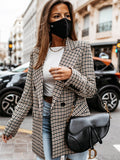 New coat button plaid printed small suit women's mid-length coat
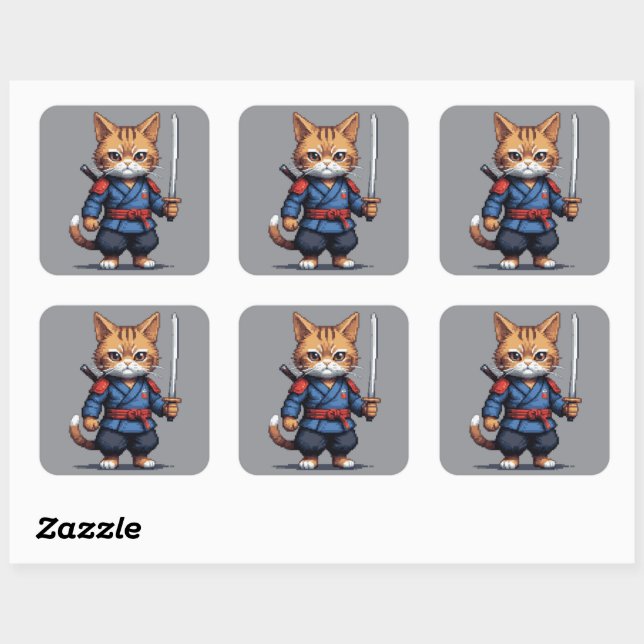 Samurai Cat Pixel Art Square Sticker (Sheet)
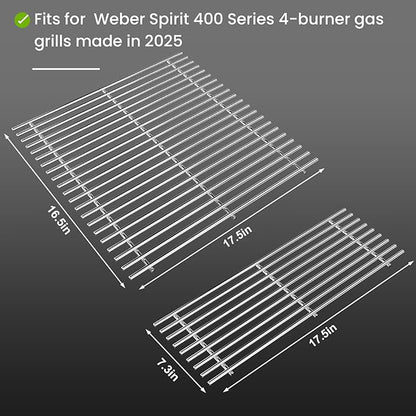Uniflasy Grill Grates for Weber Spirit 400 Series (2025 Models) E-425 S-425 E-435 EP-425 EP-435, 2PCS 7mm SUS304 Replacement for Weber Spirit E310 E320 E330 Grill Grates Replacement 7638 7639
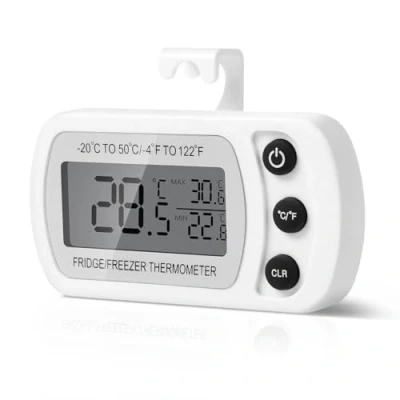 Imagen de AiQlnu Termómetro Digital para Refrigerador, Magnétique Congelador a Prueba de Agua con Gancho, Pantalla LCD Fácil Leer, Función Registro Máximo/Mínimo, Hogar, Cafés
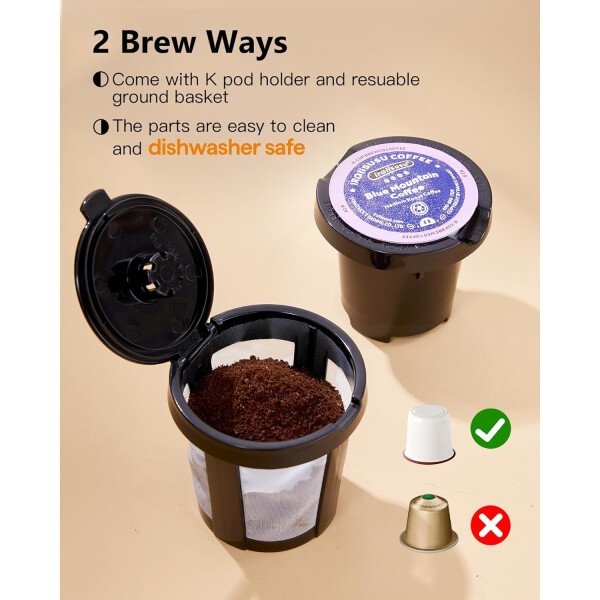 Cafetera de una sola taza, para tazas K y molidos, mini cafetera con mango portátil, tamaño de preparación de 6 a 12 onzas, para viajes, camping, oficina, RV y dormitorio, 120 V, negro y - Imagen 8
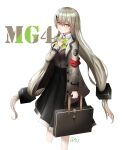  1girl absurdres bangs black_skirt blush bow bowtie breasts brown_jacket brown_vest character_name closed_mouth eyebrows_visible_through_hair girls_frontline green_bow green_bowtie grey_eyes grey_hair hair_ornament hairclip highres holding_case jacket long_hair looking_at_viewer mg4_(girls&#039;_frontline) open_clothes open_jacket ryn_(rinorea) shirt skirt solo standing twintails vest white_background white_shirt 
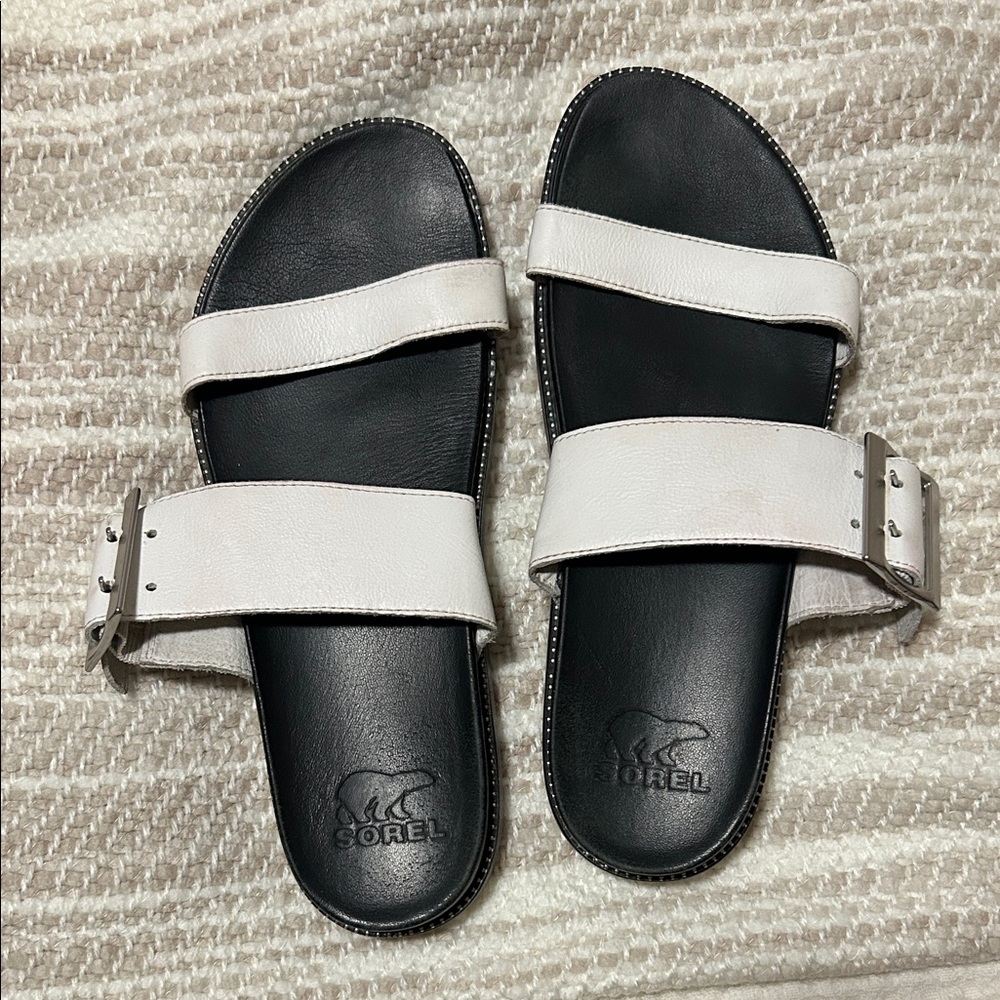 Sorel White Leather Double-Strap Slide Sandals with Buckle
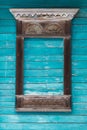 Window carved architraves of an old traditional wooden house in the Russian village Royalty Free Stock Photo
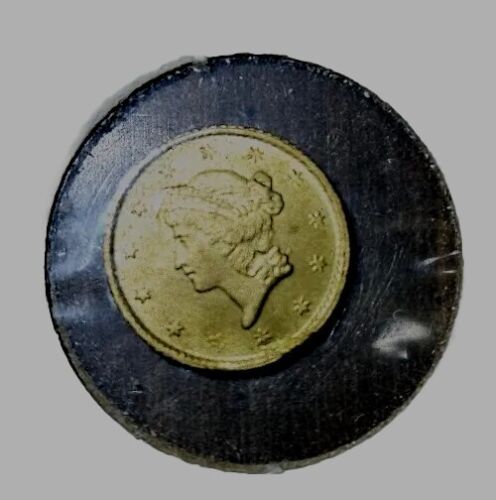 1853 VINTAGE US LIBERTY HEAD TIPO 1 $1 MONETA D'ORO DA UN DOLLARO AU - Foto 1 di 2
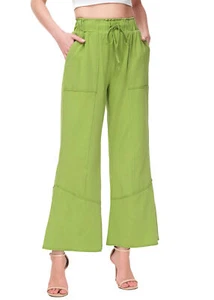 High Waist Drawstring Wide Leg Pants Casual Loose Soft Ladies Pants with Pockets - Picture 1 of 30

════

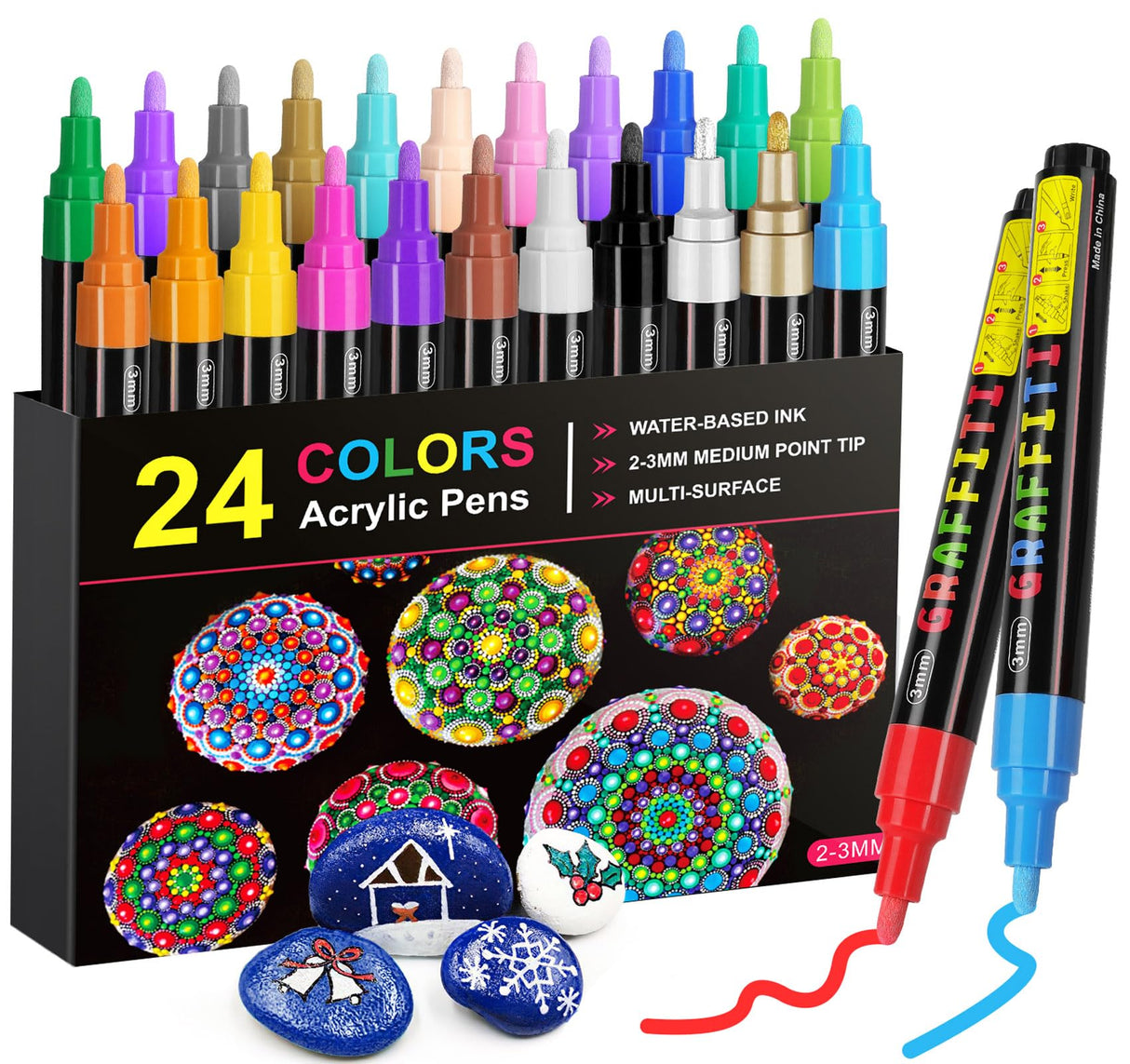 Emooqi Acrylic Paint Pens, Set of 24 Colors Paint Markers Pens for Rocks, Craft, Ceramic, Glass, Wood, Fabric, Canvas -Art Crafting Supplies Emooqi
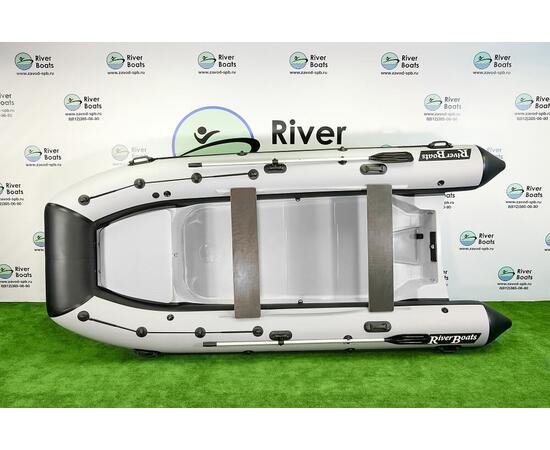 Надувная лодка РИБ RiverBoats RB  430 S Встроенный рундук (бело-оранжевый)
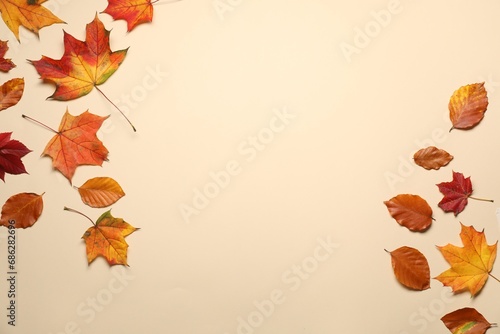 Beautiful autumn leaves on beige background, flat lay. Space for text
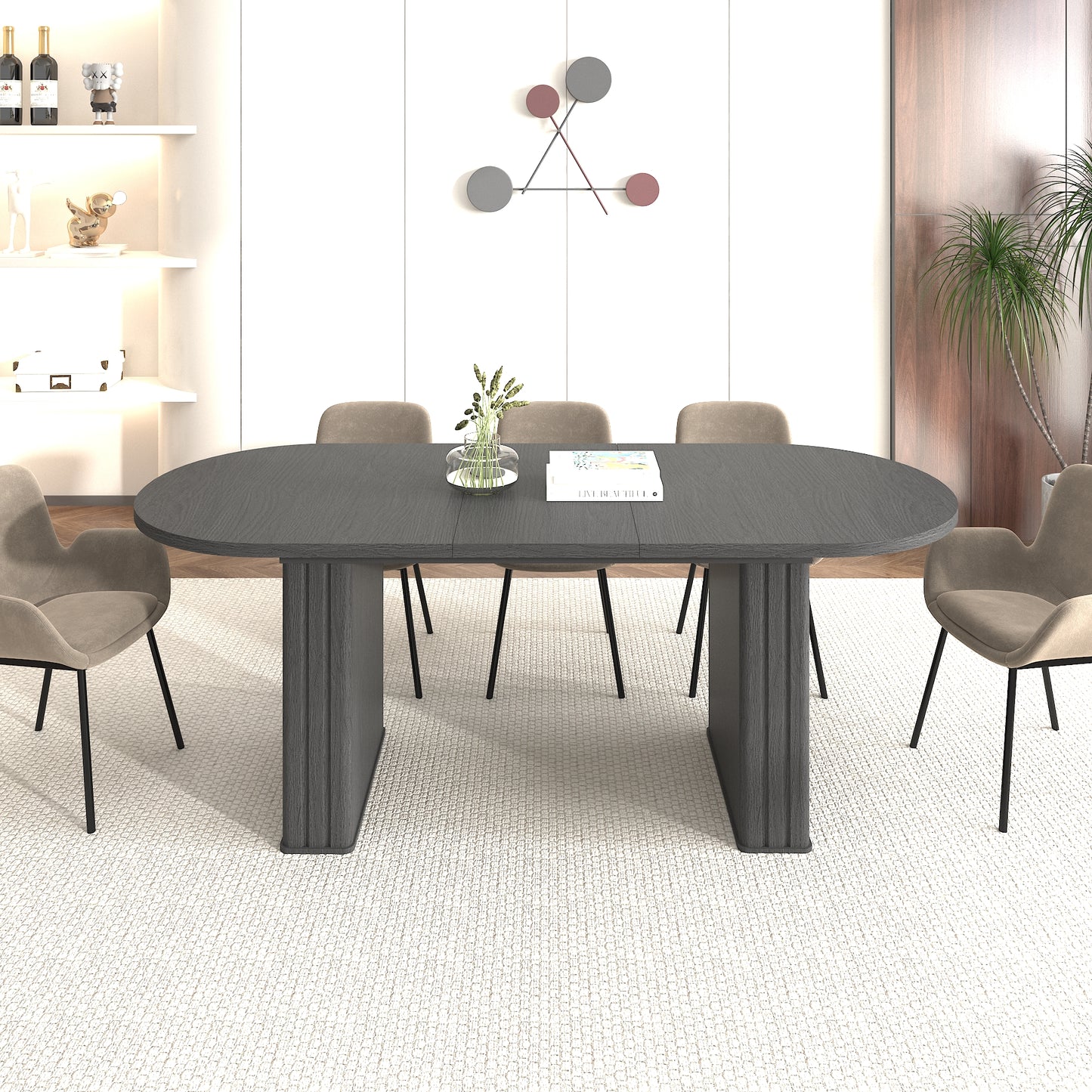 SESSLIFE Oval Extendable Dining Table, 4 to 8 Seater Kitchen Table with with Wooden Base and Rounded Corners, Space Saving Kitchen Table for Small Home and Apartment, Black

════

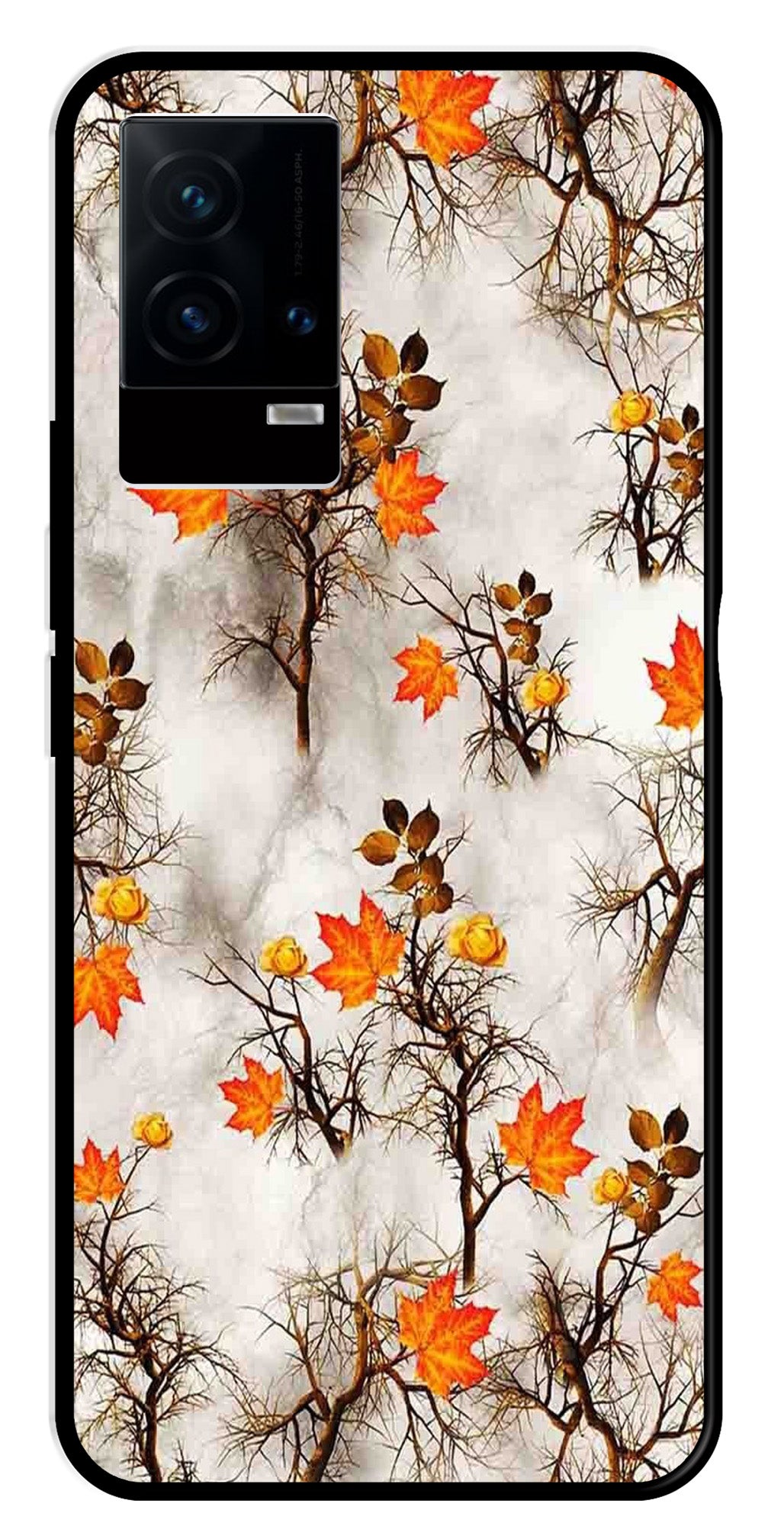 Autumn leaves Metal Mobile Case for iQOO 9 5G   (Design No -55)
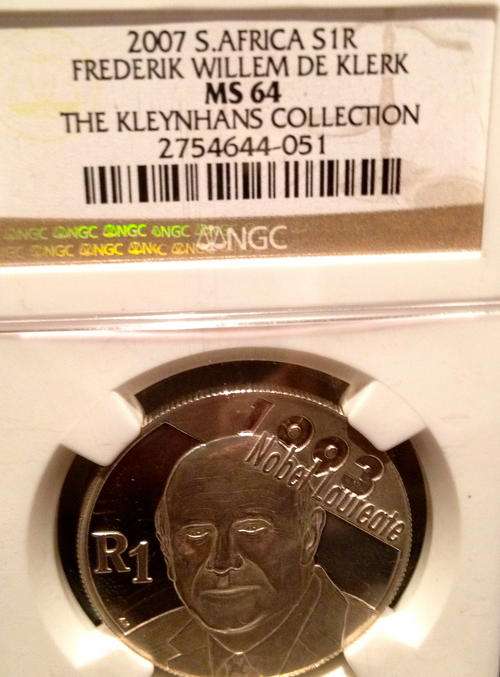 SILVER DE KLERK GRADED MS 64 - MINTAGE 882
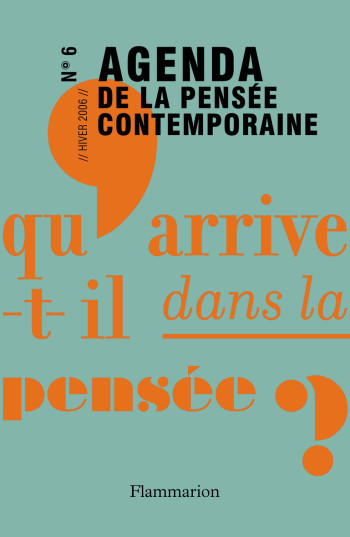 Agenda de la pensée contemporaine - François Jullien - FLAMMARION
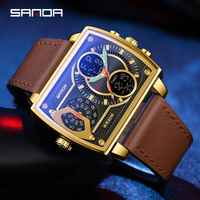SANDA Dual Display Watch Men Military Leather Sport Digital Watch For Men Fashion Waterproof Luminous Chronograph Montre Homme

════

Reproduce exactly the lines above starting at the line containing "Uniflasy Grill Grates" and ending at the line containing "Imagen de AiQlnu", including both, but not the pictures.

Uniflasy Grill Grates for Weber Spirit 400 Series (2025 Models) E-425 S-425 E-435 EP-425 EP-435, 2PCS 7mm SUS304 Replacement for Weber Spirit E310 E320 E330 Grill Grates Replacement 7638 7639
 Imagen de AiQlnu Termómetro Digital para Refrigerador, Magnétique Congelador a Prueba de Agua con Gancho, Pantalla LCD Fácil Leer, Función Registro Máximo/Mínimo, Hogar, Cafés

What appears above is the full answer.